(Beginning of SUPPLIED MATERIAL)

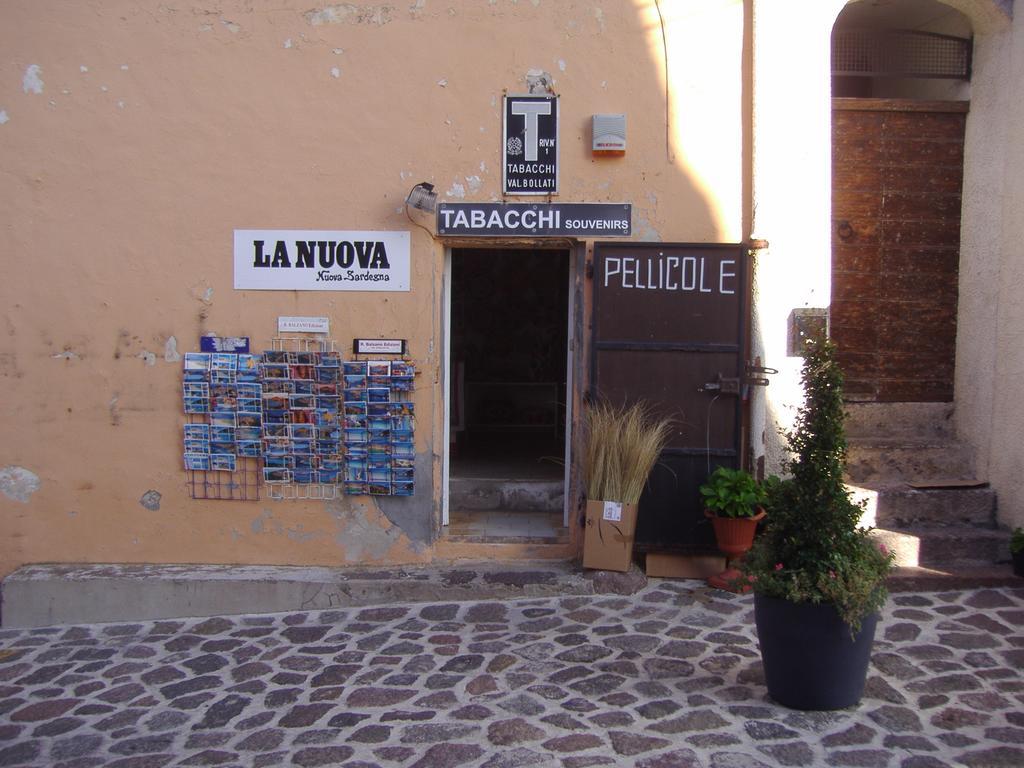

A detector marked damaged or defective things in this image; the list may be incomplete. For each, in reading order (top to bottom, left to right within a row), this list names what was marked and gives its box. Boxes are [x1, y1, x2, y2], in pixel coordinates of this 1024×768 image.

peeling paint on wall [303, 4, 391, 26]
peeling paint on wall [22, 66, 43, 95]
peeling paint on wall [0, 468, 40, 505]
peeling paint on wall [140, 493, 161, 512]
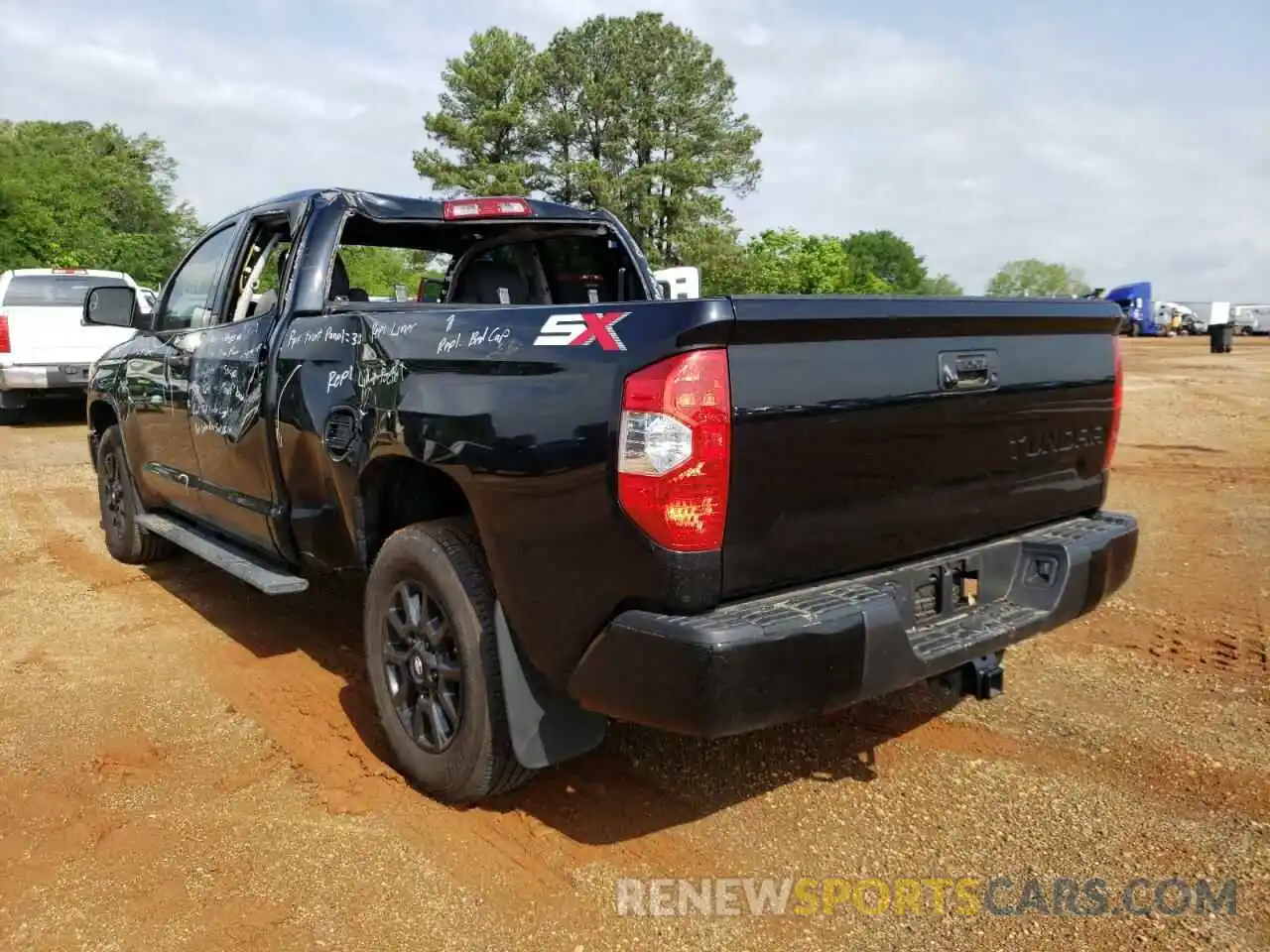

(End of SUPPLIED MATERIAL)

**EXERCISE DESCRIPTION**
Verbatim copy with pictures excluded: write out the records above in full.

**ANSWER TO THE PROBLEM**
A detector marked damaged or defective things in this image; the list may be incomplete. For each, in reading order (top to bottom, left to right within a row), this list names what was marked and gives its box. Boxes are [x1, y1, x2, y2], in pixel coordinates of this 1024×768 image.

peeling paint on wall [303, 4, 391, 26]
peeling paint on wall [22, 66, 43, 95]
peeling paint on wall [0, 468, 40, 505]
peeling paint on wall [140, 493, 161, 512]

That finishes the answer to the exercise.